## WHAT IS EXPECTED
What you give back should be exactly the lines from the one with "Yuan - Sztokbant (chess.com INT, 2023)" through the final line of the material, pictures removed; please add nothing.

## DATA
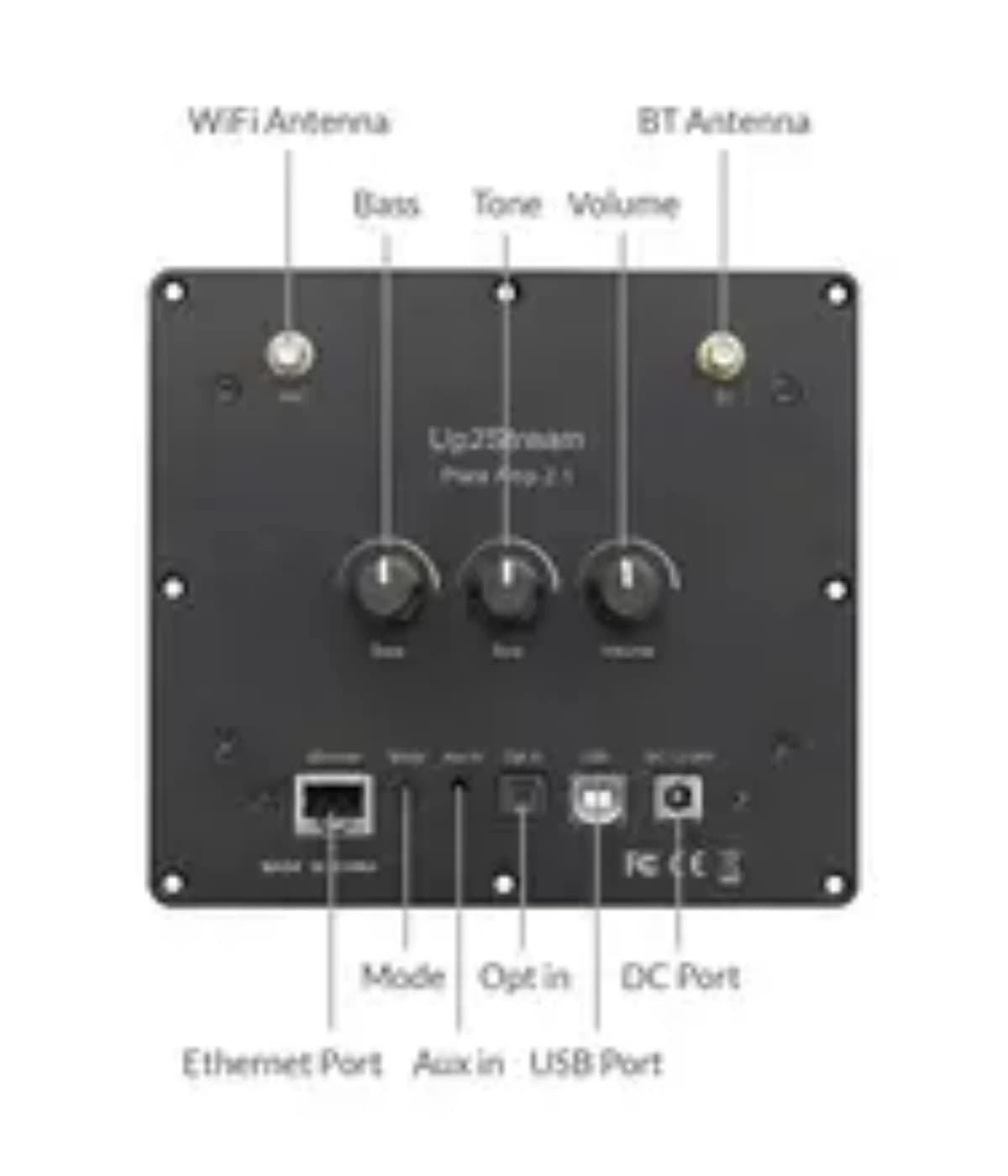 Arylic Up2Stream Plate Amp 2.1, WiFi et Bluetooth 5.0, Audio multiroom, 50x2W + 100W, Carte amplific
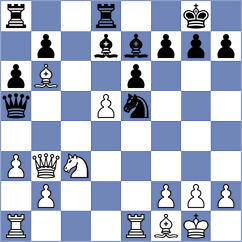 Yuan - Sztokbant (chess.com INT, 2023)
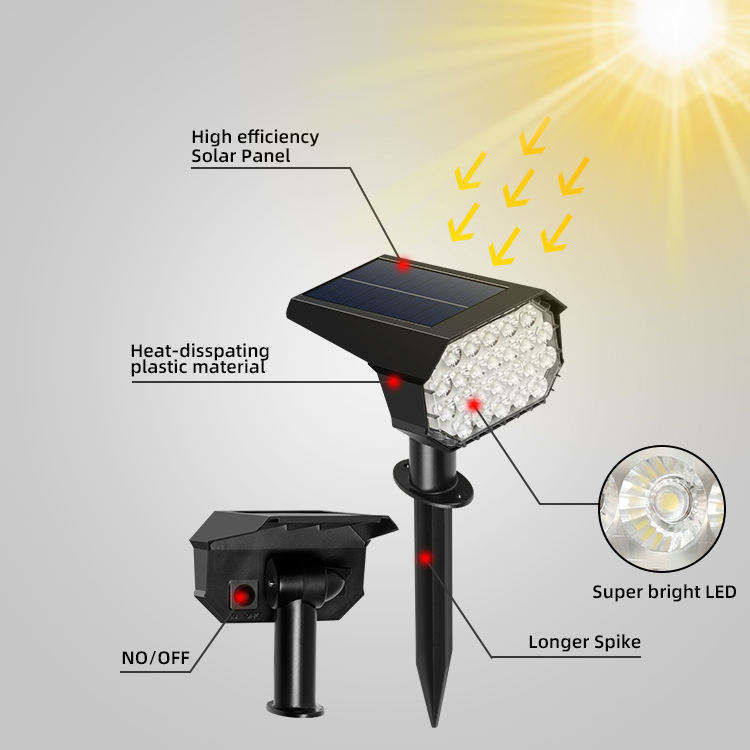 50000 Arbeitsstunden 24 LED-Sonnenlicht für Pfadhof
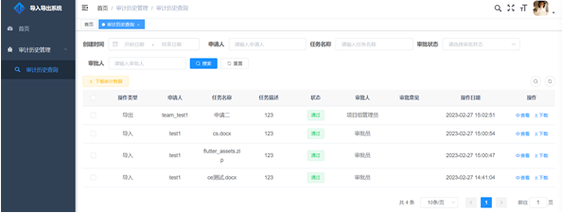 如何用PHP和SQLite构建数据库日志审计系统？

## TASK ANSWER
 Yuan - Sztokbant (chess.com INT, 2023)
 50000 Arbeitsstunden 24 LED-Sonnenlicht für Pfadhof
 如何用PHP和SQLite构建数据库日志审计系统？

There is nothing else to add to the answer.